The Daily Beast contacted multiple offices of those implicated in the hack, including McCain and Graham, but received no response.
The published emails are mostly innocuous and mundane. But the hackers also gave no indication of whether they had more information or had compromised the accounts of people whom they didn’t publicly expose.
Speaking privately, an individual close to the investigation of the Democratic Party hacks said there is a growing presumption that candidates, officials, and operators in both parties are being targeted.
“Everyone is sweating this right now,” the person said. “This isn’t just limited to Democrats.”
Some U.S. officials suspect that the DNC hack, and a subsequent penetration of the Democratic Congressional Campaign Committee, is part of a Russian “active measures” campaign to influence the presidential election, perhaps in favor of Donald Trump, who has been praised by Russian President Vladimir Putin and has had business dealings in Russia.
But the targeting of GOP officials suggests that the campaign could more broadly be aimed at collecting potentially incriminating information about candidates in both parties. In that sense, the campaign tends to fit more with the standard modus operandi of a foreign intelligence organization, which is to spy on anyone in a position of power, regardless of party.
Researchers at computer security company ThreatConnect, which has been analyzing the Democratic hacks, called DCLeaks a “Russian-backed influence outlet.”
In a blog post Friday afternoon, the researchers noted that the site had exposed the emails of a former regional field director for the DNC “whose email account was breached in the same manner as a known FANCY BEAR attack method.”
Fancy Bear is one of the monikers used for a Russian hacker group that U.S. officials say was one of two groups that infiltrated the DNC.
“DCLeaks’ registration and hosting information aligns with other FANCY BEAR activities and known tactics, techniques, and procedures,” ThreatConnect’s researchers found.
What’s more, the researchers have also linked a hacker that goes by the name Guccifer 2.0, and is suspected of working for Russia, with DCLeaks.
Guccifer 2.0 claims to be the source of the DNC emails to WikiLeaks, which published them just prior to the Democratic convention in Philadelphia last month. The emails showed that DNC staffers discussed how to undermine the campaign of Bernie Sanders. DNC Chair Debbie Wasserman Schultz resigned in the wake of the disclosures.
WikiLeaks founder Julian Assange has hinted that there are more emails coming. And earlier this week, Trump adviser Roger Stone seemed to confirm that when he said at a public appearance that he had been in touch with Assange and learned that “the next tranche of his documents pertain to the Clinton Foundation…”
Emails that were disclosed this week as part of a lawsuit into Hillary Clinton’s private email server raised questions about whether her staff were doing political favors on behalf of big-dollar donors to the foundation.
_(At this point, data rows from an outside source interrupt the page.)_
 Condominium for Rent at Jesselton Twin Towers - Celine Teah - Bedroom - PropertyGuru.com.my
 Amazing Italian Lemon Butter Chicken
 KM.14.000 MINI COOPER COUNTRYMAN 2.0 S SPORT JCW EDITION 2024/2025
The Clinton campaign has consistently denied that charge, but questions of conflict of interest have dogged the candidate.
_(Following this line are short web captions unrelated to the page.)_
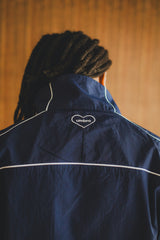 HTH × umbro nylon blouson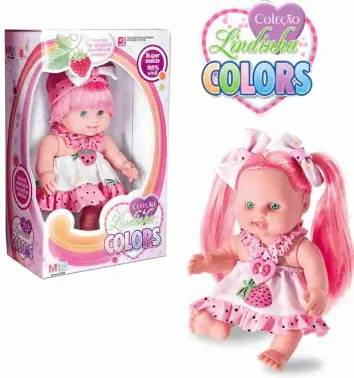 Magali Baby Star Multibrink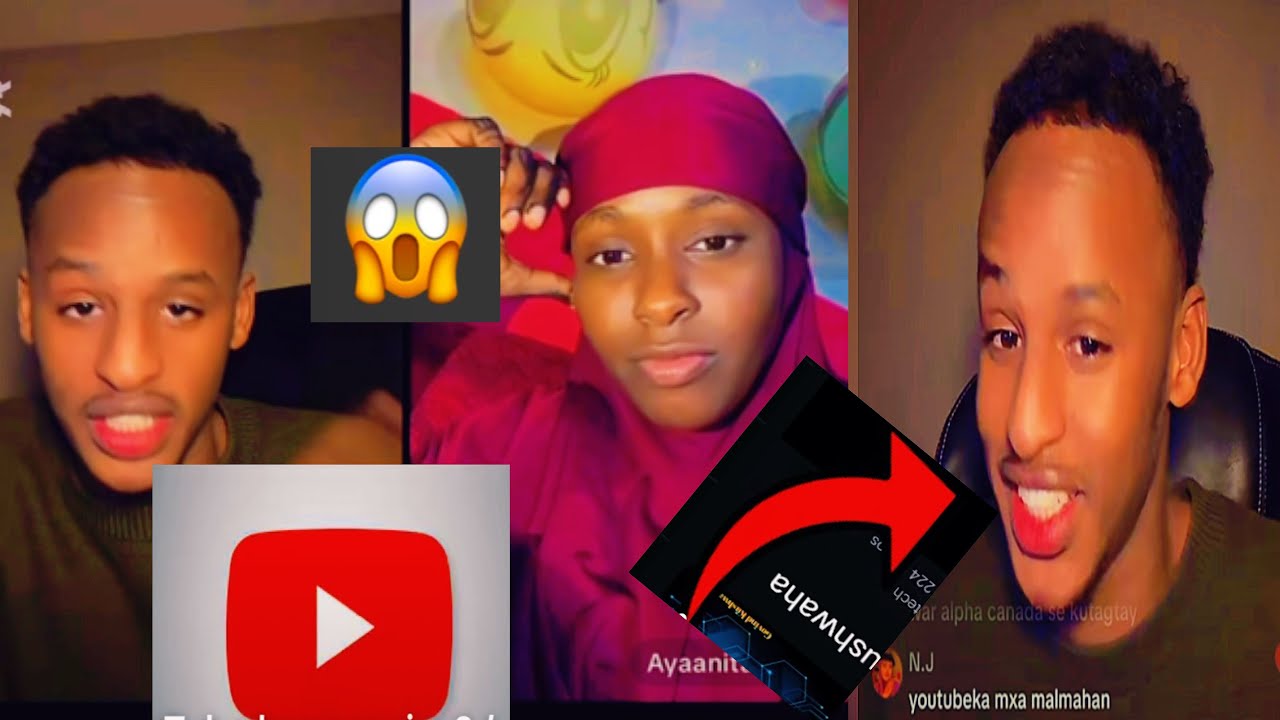 KING ALPHA OO DHAHAY YOUTUBE CHANNEL KEYGA WAN ISKA GADAYA IYO ASAGO TIMIHI ISKA XIREY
The new evidence of links between DCLeaks and the Russian hackers also undercuts another conspiracy theory that Assange has helped to fuel: That a murdered 27-year-old DNC staffer may have been the source of emails to WikiLeaks.
In an interview with a Dutch television journalist this week, Assange implied that Setch Rich was the source and that he may have been murdered on a Washington, D.C., street in July for divulging information.
That seems highly unlikely. For starters, hackers who have access to the purloined emails have been communicating with journalists since Rich was killed. But researchers, at ThreatConnect and elsewhere, also now believe that Guccifer 2.0 was WikiLeaks’ source and that the group is acting as a front for the Russian government.
Speaking on condition of anonymity, a U.S. official told The Daily Beast this week that there is no evidence in the investigation of the DNC and other hacks that Rich played any role.